Did Jesus exist historically?
1. Hostile Sources Acknowledge Jesus
Even non-Christian historians mention Jesus:
Tacitus (Roman historian, Annals 15.44, c. 116 AD):
“Christus, from whom the name [Christians] had its origin, suffered the extreme penalty during the reign of Tiberius at the hands of... Pontius Pilatus…”
Josephus (Jewish historian, Antiquities 18.3.3, c. 93 AD):
“Now there was about this time Jesus, a wise man... a doer of wonderful works... he was [called] the Christ…”
Pliny the Younger, Suetonius, Lucian of Samosata, and the Talmud also reference Jesus—none as believers, yet all acknowledge His existence.
Fact: There is more documentation for Jesus of Nazareth than for Socrates, Alexander the Great, or Julius Caesar. To deny Jesus’s existence is to throw out all ancient history.
Historian Bart Ehrman (agnostic):
“The reality is that every single author who mentions Jesus—pagan, Christian, or Jewish—was fully convinced that he at least lived.”
(Did Jesus Exist?, 2012)
Biblical Backing:
"That which was from the beginning, which we have heard, which we have seen with our eyes, which we looked upon and have touched with our hands... the life was made manifest, and we have seen it..." - 1 John 1:1-2
"The book of the genealogy of Jesus Christ, the son of David, the son of Abraham." - Matthew 1:1
"For we did not follow cleverly devised myths... but we were eyewitnesses of his majesty." - 2 Peter 1:16
Philosophical Reasoning:
1. The Argument from Conceptual Incongruity:
Ask yourself:
“Where did the idea of Jesus come from?”
No Jew would invent a crucified Messiah (Deut. 21:23 = cursed).

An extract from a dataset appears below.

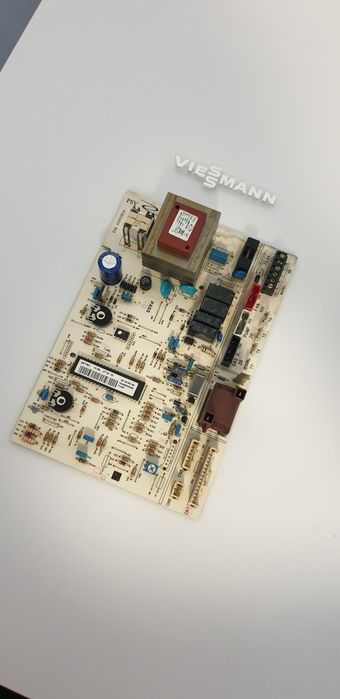 Placa elctronica centrala Viessmann Vitopend 100 WH1B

No Roman would fabricate a humble peasant Savior—their gods were strong, vengeful, and elite.
No Greek philosopher would dream up a God who dies for enemies. That was utter foolishness.
“We preach Christ crucified, a stumbling block to Jews and folly to Gentiles…” (1 Cor. 1:23)
Yet this exact man—Jesus of Nazareth—emerges suddenly in history.
The only logical explanation: He was real. And His life caused the concept.
2. Pascal’s Razor (Modified Occam’s Razor):
"If Jesus didn't exist, we must believe a greater miracle than the Gospels: that someone invented Him."
It is more plausible to believe that:
A real man walked the earth,
Said the things attributed to Him,
And started a movement that grew despite persecution,
…than to believe that multiple authors, across different regions, somehow invented a morally flawless, radically counter-cultural God-Man, and convinced the world of it—without a real person behind it.
Real-World Analogy:
If we throw out Jesus, we must also toss out every ancient figure. But no one does that—because the evidence is overwhelming.
Suppose a man claimed that Abraham Lincoln never existed—that the Civil War was a myth made up to unify a broken nation. You show him:
Letters by Lincoln
Newspapers from the time
Testimonies from soldiers and political opponents
Photos and monuments
He replies, “All that could have been made up.”
At this point, you're no longer debating a rational person, but a denier of reality.
Denying Jesus’s existence is even more absurd—because His life altered calendars (AD/BC), empires, ethics, and millions of lives—including mine and countless others.
Clarity:
Even if a skeptic rejects the Bible, faith, and miracles, they are intellectually cornered:
They must admit that Jesus of Nazareth was a real person, crucified under Pontius Pilate, who sparked a movement so profound, it reshaped the world.
To deny that is not academic—it is ideological refusal.
"We did not follow cleverly devised myths..." (2 Peter 1:16, ESV)
"But these are written so that you may believe that Jesus is the Christ, the Son of God..." (John 20:31, ESV)
There is no serious historian, atheist or believer, teaching at any major university today who denies the historical existence of Jesus.
So, the question isn’t “Did Jesus exist?”
It’s: “Now that you know He did… what will you do with Him?”